The answers, we presume, were many.
One Gaurav Tiwari — not related to the paranormal investigator, but a web designer — had been inundated with letters from desperate souls looking to connect with his more famous namesake, seeking help with hauntings.
This Tiwari ("not the ghost hunter" as he succinctly clarifies) wrote about being called in the dead of the night — by people claiming to be terrorised by ghosts. He shared one of the emails he received; its subject line read: "being troubled by 20 ghosts in my home".
The letter — which Tiwari says is typical of the many he received for the other Tiwari — went on to say: "Sir..plz do rply to my msg as soon as possible.Sir itz been 3weeks i havent slept as of the hauntings that are occurin..the spirits want to ruin my life..i live in a rented home n they have been residing here since a long time.Sir plz help me..i cant take it no more..I will kill myself if these hauntings wont stop.Seriously speaking im scared as hell..plz help me sir [sic]".
Incidentally,Tiwari (the paranormal investigator) began his strange career as a result of being 'haunted' himself.
In several interviews, he talked about how he was training to be a commercial pilot in the US, when visitations by ghosts effectively grounded him. He was inspired to look into the world of the paranormal, and received "certification" from the Paranexus Association of USA, among other institutes.

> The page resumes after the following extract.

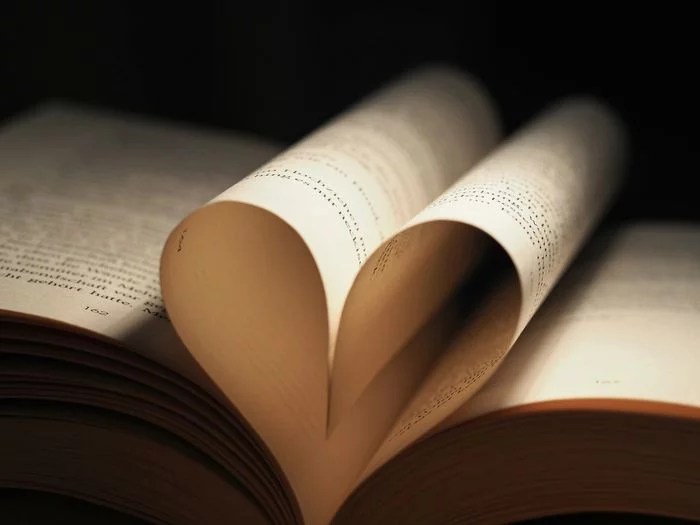 LE RENDEZ-VOUS DES LECTEURS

Indeed, a thrust on scientific investigation was something Tiwari claimed he insisted on.
Much like you see Ed and Lorraine Warren walk about haunted sites with all kinds of equipment, including sound and video recorders, Tiwari too — as seen in photos and in footage of his TV shows — took along a whole toolkit when on an investigation.
And while he was quoted as saying that he had been "bitten, scratched and tugged at" by unseen forces, to establish a 'haunting', he would rely on the evidence he and his team gathered via recordings.
In recent years, he had also turned to UFO-logy, and said he had witnessed firsthand, many UFO sightings.
Tiwari was fond of saying that 98 percent of all ghost reports or 'hauntings' were hoaxes. In fact, he labelled the Bhangarh Fort in Rajasthan a hoax, although at the Aradale Mental Hospital in Australia he deemed the presence of apparitions as genuine. In all, Tiwari said he had visited over 6,000 haunted sites, many of which were the subjects of his TV shows like Bhoot Aaya, Fear Files and Haunted Weekends.
Tiwari was often asked if ghosts really existed, and what they really were. “A ghost is nothing but the residual consciousness of a deceased physical body... It’s the anticipation of what a ghost can do which can actually do serious damage — the fear of the unknown. If an evil person who has done evil deeds, leaves behind their consciousness, it will have sinister intent," he told one interviewer.
"I believe for everything to manifest in reality, it has to first exist in our minds," he told another.
Ed Warren — Tiwari's (older and) Western counterpart — died in 2008, at the age of 79. He was in his bed at home, with his wife and fellow celebrity paranormal investigator Lorraine by his side.
The circumstances of Tiwari's death have been vastly different.
In death, if not in life, Gaurav Tiwari moved in a direction very different from Ed Warren.